> **DESCRIPTION OF THE TASK**:
Wherever a line in the material contains the word "League", copy that line.

> **DATA EXTRACT**:
- - - - - - -

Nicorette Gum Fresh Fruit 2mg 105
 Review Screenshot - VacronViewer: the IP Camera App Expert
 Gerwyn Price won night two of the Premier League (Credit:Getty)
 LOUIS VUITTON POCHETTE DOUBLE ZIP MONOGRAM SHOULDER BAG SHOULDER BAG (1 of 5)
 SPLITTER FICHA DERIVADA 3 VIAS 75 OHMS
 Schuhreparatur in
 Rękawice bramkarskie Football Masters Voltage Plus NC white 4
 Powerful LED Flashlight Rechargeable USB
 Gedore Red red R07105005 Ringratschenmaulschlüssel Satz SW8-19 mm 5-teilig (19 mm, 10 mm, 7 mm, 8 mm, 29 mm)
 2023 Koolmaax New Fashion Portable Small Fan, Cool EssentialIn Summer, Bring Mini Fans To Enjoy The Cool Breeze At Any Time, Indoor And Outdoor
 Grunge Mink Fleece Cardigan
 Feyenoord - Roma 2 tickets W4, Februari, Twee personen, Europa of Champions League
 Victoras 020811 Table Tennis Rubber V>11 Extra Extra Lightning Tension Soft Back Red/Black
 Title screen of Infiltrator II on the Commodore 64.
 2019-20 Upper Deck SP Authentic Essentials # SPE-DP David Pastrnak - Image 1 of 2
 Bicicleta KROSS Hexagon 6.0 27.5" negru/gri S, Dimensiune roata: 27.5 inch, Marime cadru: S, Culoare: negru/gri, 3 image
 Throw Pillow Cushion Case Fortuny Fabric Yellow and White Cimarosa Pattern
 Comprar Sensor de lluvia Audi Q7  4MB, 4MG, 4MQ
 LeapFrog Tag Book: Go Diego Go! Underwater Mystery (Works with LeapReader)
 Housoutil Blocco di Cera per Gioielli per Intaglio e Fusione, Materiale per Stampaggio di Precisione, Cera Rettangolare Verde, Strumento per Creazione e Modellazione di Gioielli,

- - - - - - -

> **EXPECTED OUTPUT**:
 Gerwyn Price won night two of the Premier League (Credit:Getty)
 Feyenoord - Roma 2 tickets W4, Februari, Twee personen, Europa of Champions League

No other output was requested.